L’attitude des hommes dans leurs relations avec une féminité ambivalente peut aussi se lire à travers les caractéristiques que ces hommes affichent en général. Ainsi, l’ensemble thématique que nous avons dégagé se révèlera peut-être plus clair si nous constatons qu’une certaine figure masculine essentielle dans le roman, sir Henry, apparaît souvent comme un enfant, et en outre comme un enfant capricieux et colérique. Dès le début de l’intrigue, il réclame la vérité au sujet de son héritage, et veut connaître le contenu de la Légende, mais ses paroles résonnent comme celles d’un enfant qui réclame un peu d’attention de la part des adultes :

‘“It seems to me that all you gentlemen know a great deal more than I do about my own affairs.” (p. 686)’ ‘“[...] It is time that you kept your promise, and gave me a full account of what we are all driving at.” (p. 688)’

D’autre part, lors du départ pour le Devonshire, Holmes demande à Watson de veiller sur l’héritier des Baskerville comme on le ferait pour un enfant, et en somme de jouer les « chaperons » avec cet homme, rôle que le docteur s’efforcera de tenir notamment lorsque sir Henry partira sur la lande, seul, afin de rejoindre Beryl Stapleton :

‘“Well, you know what my instructions are. I am sorry to intrude, but you heard how earnestly Holmes insisted that I should not leave you, and especially that you should not go alone upon the moor.” (p. 718)’

Enfin, héritier des Baskerville, sir Henry se trouve symboliquement dans la position du fils, et non plus simplement d’un enfant, puisqu’il doit hériter, précisément, de la propriété de ses aïeux — c’est même cette qualité qui définit principalement son rôle sur le plan diégétique, dans l’intrigue criminelle à proprement parler. Ce fils a un caractère assez difficile, si l’on se réfère à ses réactions de colère devant des incidents mineurs comme le vol de l’une de ses bottes dans son hôtel londonien : semblable à un « enfant gâté », il supporte mal les contrariétés et parle en maître des lieux dans ce contexte, ce qui ne le rend pas, d’ailleurs, des plus sympathiques aux yeux de Holmes :

‘As we came round the top of the stairs we had run up against Sir Henry Baskerville himself. His face was flushed with anger, and he held an old and dusty boot in one of his hands. So furious was he that he was hardly articulate, and when he did speak it was in a much broader and more Western dialect than any which we had heard from him in the morning.
“Seems to me they are playing me for a sucker in this hotel,” he cried. “They’ll find they’ve started in to monkey with the wrong man unless they are careful. By thunder, if that chap can’t find my missing boot there will be trouble. I can take a joke with the best, Mr Holmes, but they’ve got a bit over the mark this time.” (p. 693)’

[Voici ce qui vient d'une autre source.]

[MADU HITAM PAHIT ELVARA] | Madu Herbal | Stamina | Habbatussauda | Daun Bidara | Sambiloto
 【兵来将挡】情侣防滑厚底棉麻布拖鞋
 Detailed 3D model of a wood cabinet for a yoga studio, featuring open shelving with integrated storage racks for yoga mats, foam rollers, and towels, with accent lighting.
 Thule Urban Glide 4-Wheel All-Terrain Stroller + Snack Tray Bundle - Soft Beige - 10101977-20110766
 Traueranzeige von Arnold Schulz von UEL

Enfin, il est également intéressant de noter la description de Selden par sa soeur, Mrs Barrymore, sous les traits d’un enfant gâté qui est devenu par la suite un sybarite : ‘« We humoured him too much when he was a lad, and gave him his own way in everything, until he came to think the world was made for his pleasure, and that he could do what he liked in it. »’ (p. 722-723).